Haaken: I'm glad you caught onto that. Often I'll be pushed into supporting a particular piece of legislation, or someone will ask, 'What's the remedy?' There's a place for that, but what I'm attracted to right now about the Occupy Movement is that it is more about creating dialogue. And out of that dialogue, of course there will be reform. There needs to be some sense that these issues - problems with jobs, the bone-chilling problems with the environment, the problems with care - are all connected and not isolated.

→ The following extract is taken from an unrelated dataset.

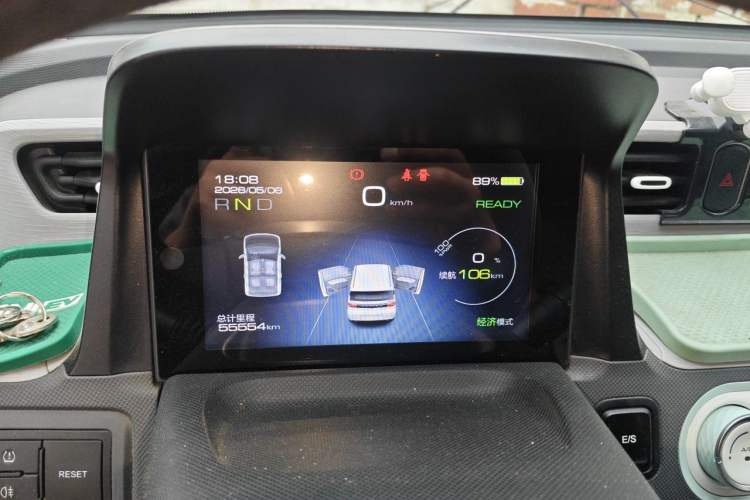 Used Wuling Hongguang MINIEV 2022 Macaron Fashion Model Lithium Iron Phosphate Instrument Cluster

Tribune: You just returned from filming your latest documentary in Afghanistan, 'Therapists Behind The Front Lines.' Could you tell me a little about it?

Haaken: It's similar to other projects I've been involved with in that it's about understanding work behind the walls that we've erected in our dominant society to keep people with problems out of view. The army has been particularly active in sending therapists to war zones, which has been very controversial in my field and among people in the military. People in war zones build defense mechanisms for a reason, so I began this process with a very specific question: Is this a good idea or not? And, is it really in the best interest of the soldiers?